Le sous-type conservation se déplace vers le sous-type sexuel
Par exemple, le sous-type conservation considère qu'un compagnon (ou une compagne) est une nécessité indispensable pour conserver et assurer sa sécurité. Par conséquent, quand il est en quête d'un compagnon, le sous-type conservation ressent de l'anxiété et de l'incertitude, jusqu'à ce qu'il se soit assuré ce compagnon. En réponse à cette peur, le sous-type conservation se déplace vers la pulsion instinctive sexuelle, afin d'attirer un compagnon. En apparence, le sous-type conservation se comporte comme un sous-type sexuel : sensuel, flirteur et prêtant plus d'attention à ses charmes. D'abord, il passe plus de temps en groupe avec l'éventuel compagnon. Une fois qu'il s'est assuré son compagnon, le sous-type conservation revient à ses routines de base, qui idéalement, devraient inclure ce compagnon. C'est un sujet de peine et de déception pour ce sous-type que d'avoir un compagnon qui ne veut pas prêter attention aux problèmes de sécurité, ce qui perturbe son besoin de calme intérieur.
Le sous-type social se déplace vers le sous-type conservation
Quand il choisit un compagnon, le sous-type social réfléchit suivant un point de vue plus révélateur du sous-type conservation. Ce déplacement est très important pour assurer la sécurité désirée, celle que le rang et le statut social peuvent fournir. Le sous-type social recherche un compagnon qui partage sa vision sociale et ses valeurs. Ce déplacement est nécessaire pour répondre au désir d'un compagnon qui se joigne à lui dans ses occupations. Une position sociale assurée est donc essentielle. Il va porter beaucoup d'attention aux relations, au rang et à la capacité à fournir une sécurité financière du compagnon potentiel. Ce sous-type aime rassembler les gens, estimant que "plus on est de fous, plus on rit". De telles personnes sont souvent expertes à se mettre au-devant de la scène et utilisent souvent leur maison pour des événements sociaux, des réunions, des grandes causes. D'abord, le sous-type social passe plus de temps en tête à tête avec le compagnon potentiel. Une fois que le compagnon est à sa place, le sous-type social retourne à ses intérêts extérieurs, groupes et/ou occupations, idéalement, avec son compagnon. C'est un sujet de peine et de déception pour ce sous-type que d'avoir un compagnon qui ne veut pas prêter attention à son besoin d'être entouré, son besoin d'occupations, de grandes causes à défendre, et qui ne veut pas partager son intérêt pour les autres.

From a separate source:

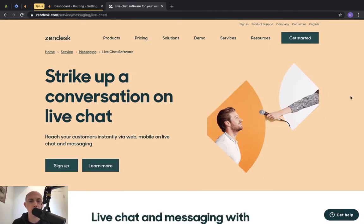Hey everybody, this is Ori from Astro Web and today I'm going to share another video about Zendesk, particularly about Zendesk live chat. In the past we've made some videos about Zendesk Support, which is a ticketing system where you can answer questions and keep track of the communication between your customer and your business, your customer service agents, your sales, etc. Today's video is talking about the part called Zendesk Chat or the live chat functionality.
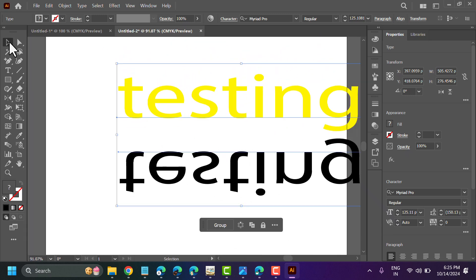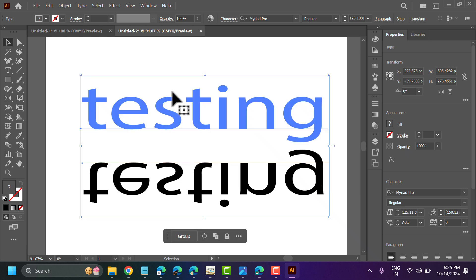So this is the best way you can zoom in and zoom out in Illustrator.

Le sous-type sexuel se déplace vers le sous-type social
Le sous-type sexuel (intimité) recherche le grand monde ou l'arène sociale pour trouver le compagnon désiré. Le sous-type sexuel est normalement heureux, blotti dans un cadre retiré, avec un partenaire. Cependant, quand il est seul ou à la recherche d'un compagnon, ce sous-type se conduit beaucoup plus comme le sous-type social. Il faut être avec les autres pour trouver "l'autre". Une fois le compagnon choisi, l'activité sociale sera remplacée par la pulsion dominante à passer du temps en union avec l'autre, seul à seul. D'abord, le sous-type sexuel peut passer du temps avec le compagnon potentiel en compagnie d'autres personnes. Ils deviennent un couple même dans les groupes. Puis une fois la passion pour une relation plus profonde enflammée, le sous-type sexuel va vouloir créer un lien très fort avec la personne désirée. Quand le compagnon est bien déterminé, le sous-type sexuel reprend son style de relation intime : idéalement, des moments de grande intensité passés avec le compagnon désiré. C'est un sujet de peine et de déception pour ce sous-type que d'avoir un compagnon qui ne veut pas prêter attention à l'intensité de leurs relations et au partage intime des pensées les plus profondes et les plus secrètes.